Understanding Results

Output Structure

<output_folder>/
├── evaluation.log
├── config_<time>.log
├── <dataset_name>__<sequence_ID>/
│   ├── <component_name>/
│      ├── <algorithm_name>__<metric_type>.npz
│      └── ...  # One npz file for each metric_type   └── csv_files/
│       ├── summaries/
│          ├── <summary_name>.csv
│          └── ...  # One csv file for each configured summary report       ├── <dataset_name>__<sequence_ID>_<component>_<algorithm>__<metric_type>_<metric_name>.csv
│       └── ...  # One csv file for each metric
└── visualization/
    └── Coming Soon

What is inside a single .npz file?

Lets look at the body_joints (component) results for vitpose (algorithm):

├── vitpose__keypoint_metrics.npz
│   ├── bone_length.npy              # numpy array with shape ( # persons, # cameras, # frames, # bone lengths (# bone names) )   ├── jump_detection.npy           # numpy array with shape ( # persons, # cameras, # frames, # jump metric scores (# body joints) )   └── data_description.npy         # dictionary of dicts with Dict["axis0"=List[persons], "axis1"=List[cameras], "axis2"=List[frames], "axis3"=List[labels]]
├── vitpose__point_cloud_metrics.npz
│   ├── jpe.npy                      # numpy array with shape ( # persons, # cameras, # frames, # jpe metric scores (# body joints) )   └── data_description.npy         # dictionary of dicts with Dict["axis0"=List[persons], "axis1"=List[cameras], "axis2"=List[frames], "axis3"=List[labels]]

Result Files

Each .npz file contains:

  • Metric arrays: Multi-dimensional arrays indexed by (person, camera, frame, label)

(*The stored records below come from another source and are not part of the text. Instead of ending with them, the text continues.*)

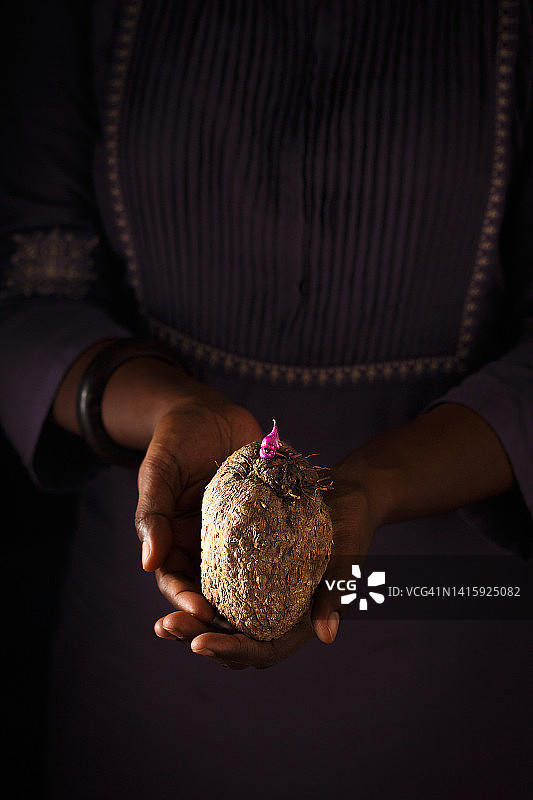 紫山药图片素材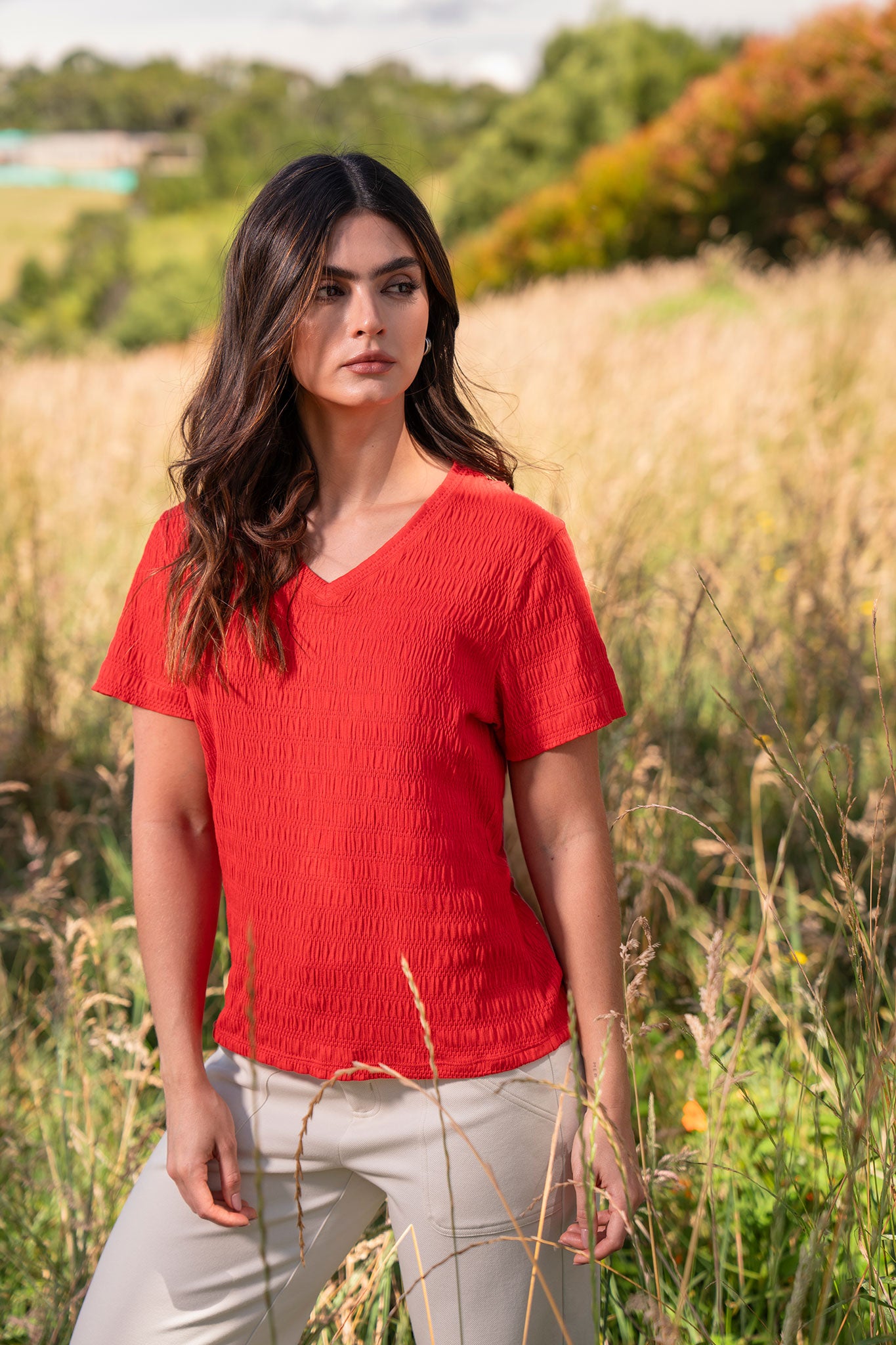 Camiseta manga corta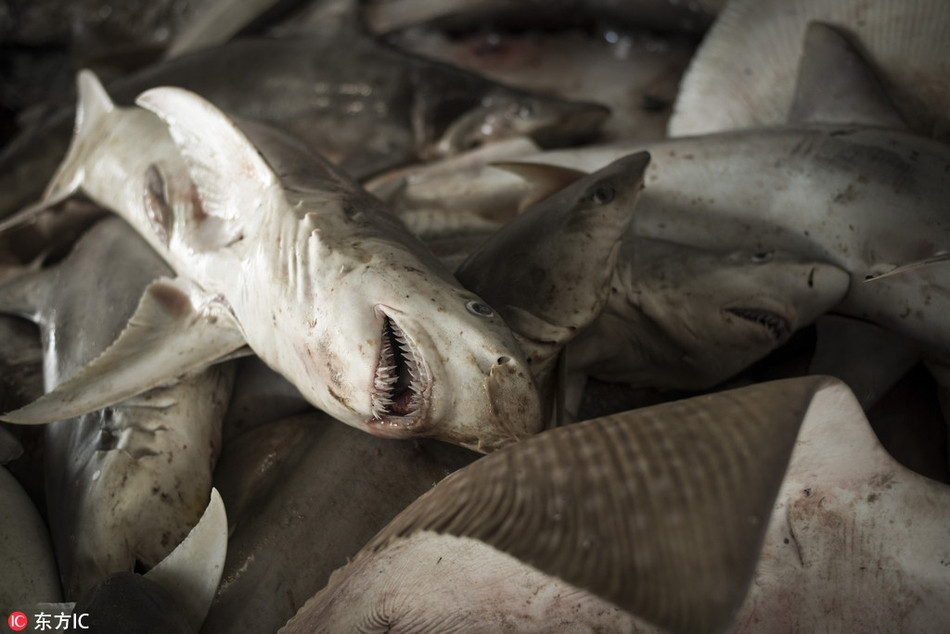 Theo tìm hiểu, vây cá mập là được coi là sơn hào hải vị, rất đắt đỏ. Cũng vì vậy, vây cá mập trở thành món hàng đắt đỏ, được nhiều ngư dân săn tìm.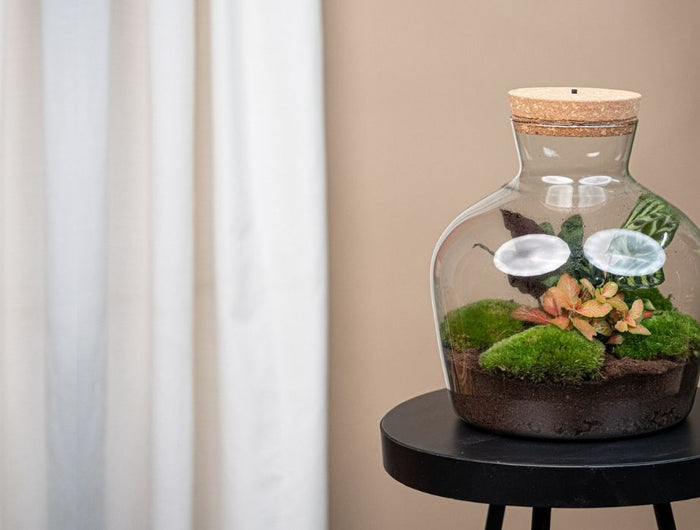 Discover plant terrariums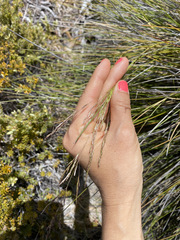 Deschampsia nubigena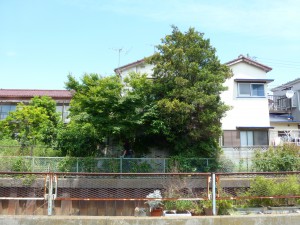 伐採剪定デットスペース
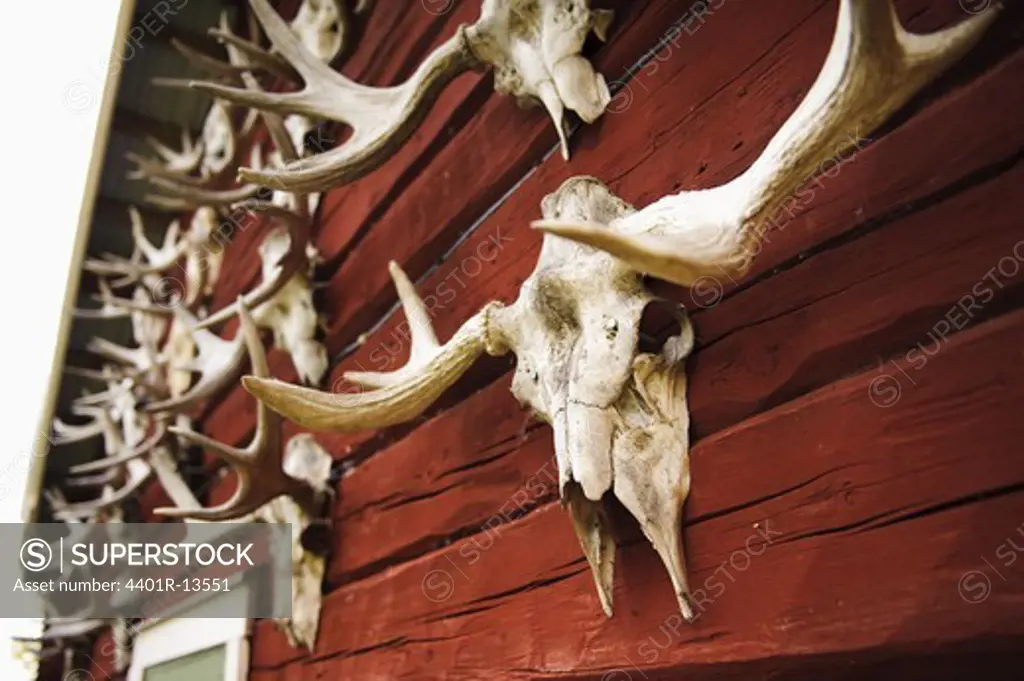 Taxidermy of red deer on wall of house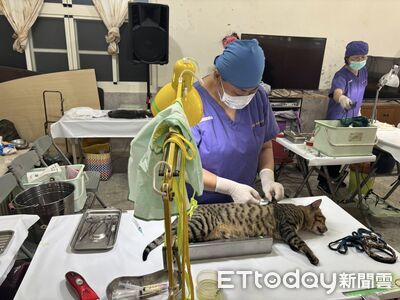 汪喵健康有保障！高雄寵物友善城市　絕育補助超給力申請量3年新高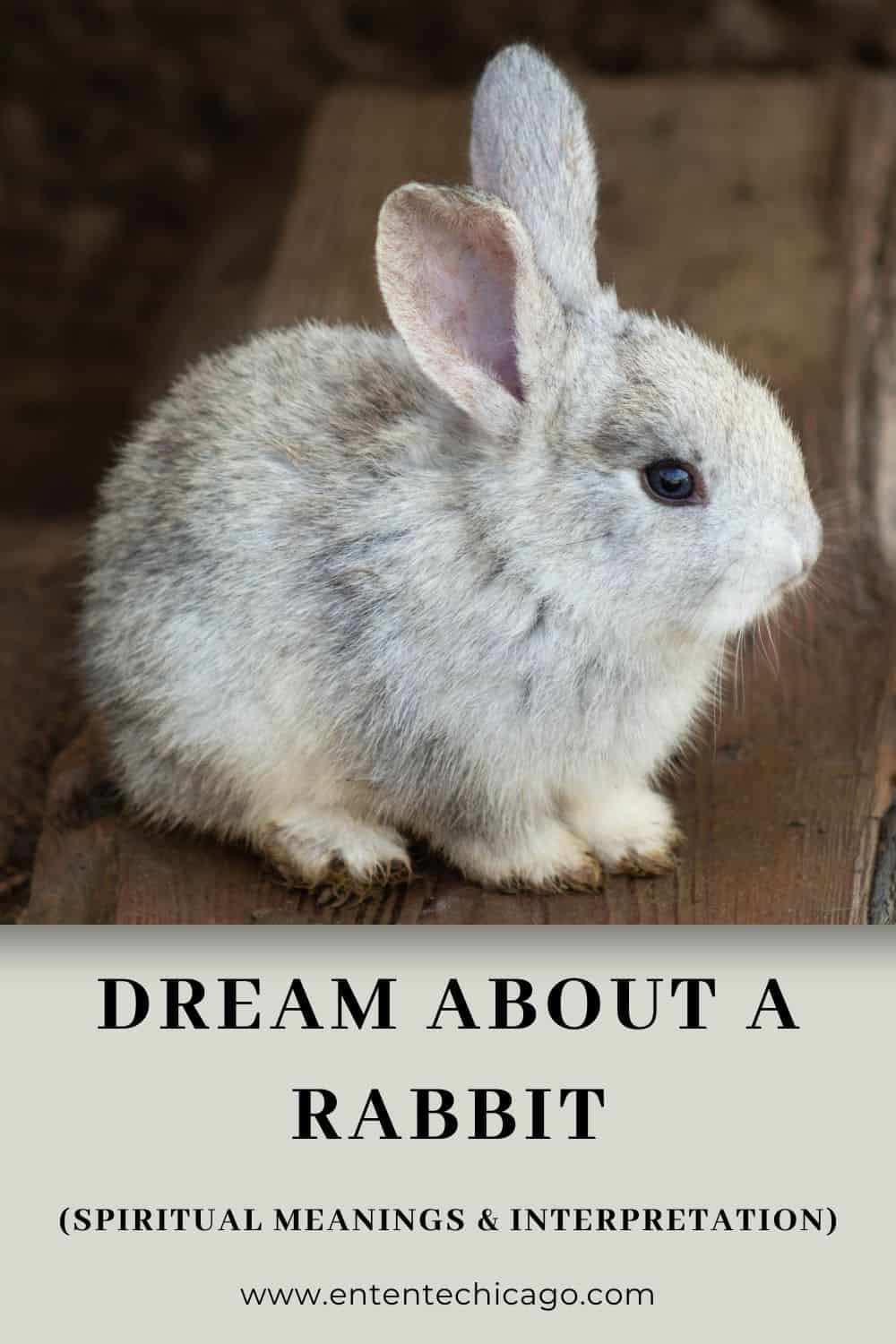 What Do Rabbit Dreams Mean For Your Love Life
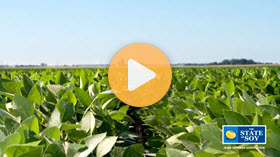 Tight Margins Require Good Crop Genetics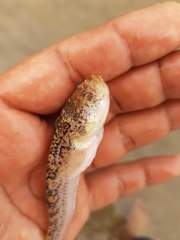 Dactyloscopus amnis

  • Description dictionaries: Metadata called data_description for each metric array. The data_description is a dictionary that describes each dimension of the given output npy arrays

    For example:

    data_description = {
      "bone_length": {
        axis0=["person_left", "person_right"],  # A list of persons in the video
        axis1=["camera_front", "camera_top"],  # A list of camera perspectives in multi-camera setups
        axis2=[frames]  # The frames that were processed
        axis3=["left_lower_leg", "right_lower_leg", ..., "right_upper_arm"]  # The labels (Bone names -> lengths)
      },
      "jump_detection": {
        ...  # Axis 0 to 2 would be equal
        axis3=["nose", "left_wrist", "right_wrist", ..., "right_toe"]  # The labels (Keypoints/Joints -> Jumps)
      }
    }
    
    

Evaluation Results Wrapper (python)

We have created a simple python API to allow for more complex analysis of the raw evaluation results with the following features:

  • Fine grained querying/filtering of high dimensional data

  • Flexible aggregations

  • Converting to pandas DataFrame

  • Exporting to .csv files

Please refer to the tutorial to get started on using the pandas based API.